**Information supplied:**
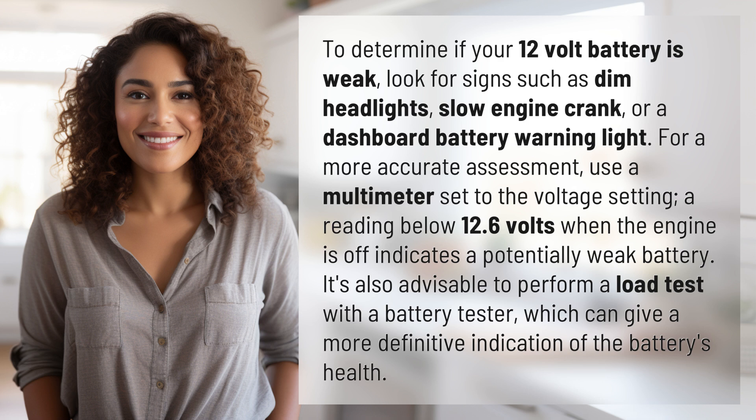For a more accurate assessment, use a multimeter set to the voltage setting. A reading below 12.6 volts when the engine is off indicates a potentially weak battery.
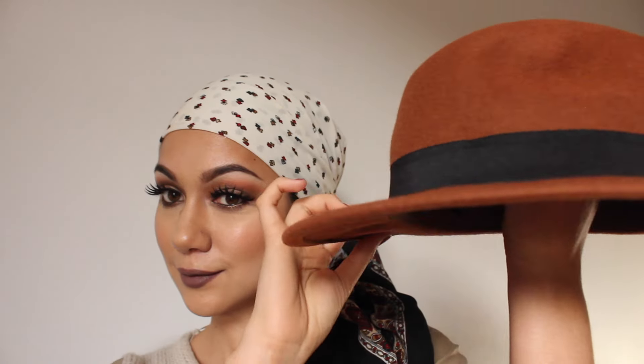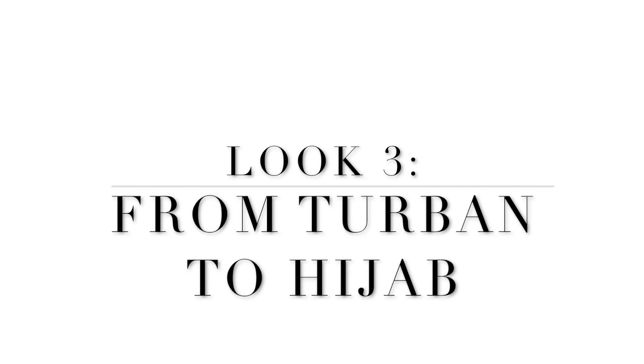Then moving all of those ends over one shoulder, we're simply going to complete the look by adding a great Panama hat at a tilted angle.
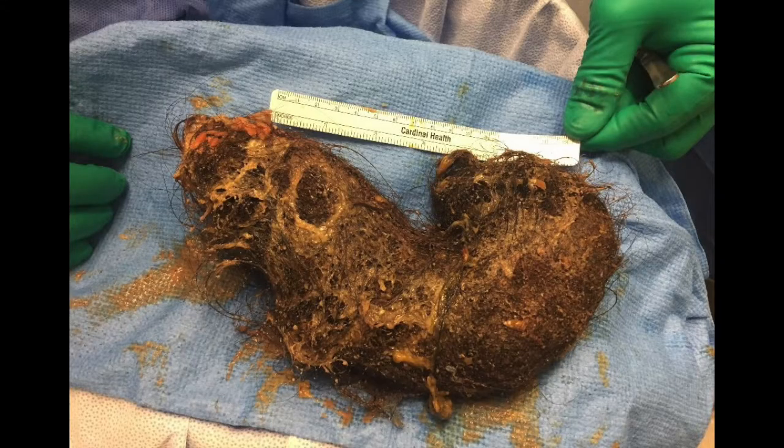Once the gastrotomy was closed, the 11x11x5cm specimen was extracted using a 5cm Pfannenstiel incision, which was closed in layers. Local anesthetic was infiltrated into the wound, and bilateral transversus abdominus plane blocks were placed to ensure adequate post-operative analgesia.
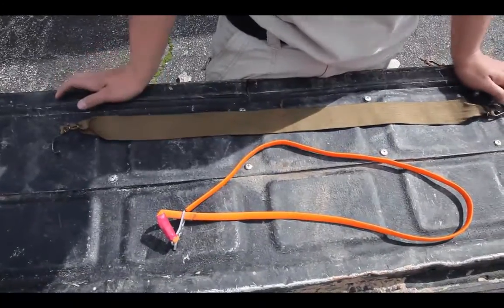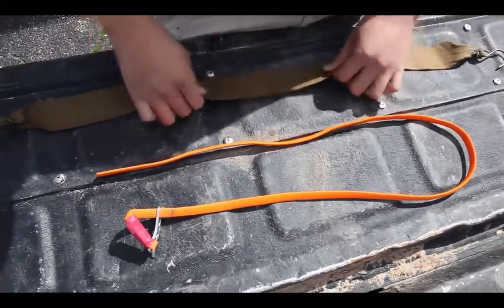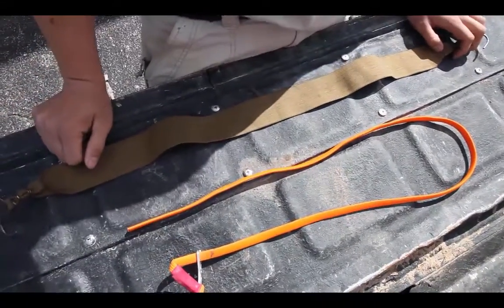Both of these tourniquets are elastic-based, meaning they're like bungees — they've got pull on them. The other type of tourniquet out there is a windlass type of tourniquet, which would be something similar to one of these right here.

**What is being asked:** An exact transcription of the material is required, without any pictures.

**Response area:**
For a more accurate assessment, use a multimeter set to the voltage setting. A reading below 12.6 volts when the engine is off indicates a potentially weak battery.
Then moving all of those ends over one shoulder, we're simply going to complete the look by adding a great Panama hat at a tilted angle.
Once the gastrotomy was closed, the 11x11x5cm specimen was extracted using a 5cm Pfannenstiel incision, which was closed in layers. Local anesthetic was infiltrated into the wound, and bilateral transversus abdominus plane blocks were placed to ensure adequate post-operative analgesia.
Both of these tourniquets are elastic-based, meaning they're like bungees — they've got pull on them. The other type of tourniquet out there is a windlass type of tourniquet, which would be something similar to one of these right here.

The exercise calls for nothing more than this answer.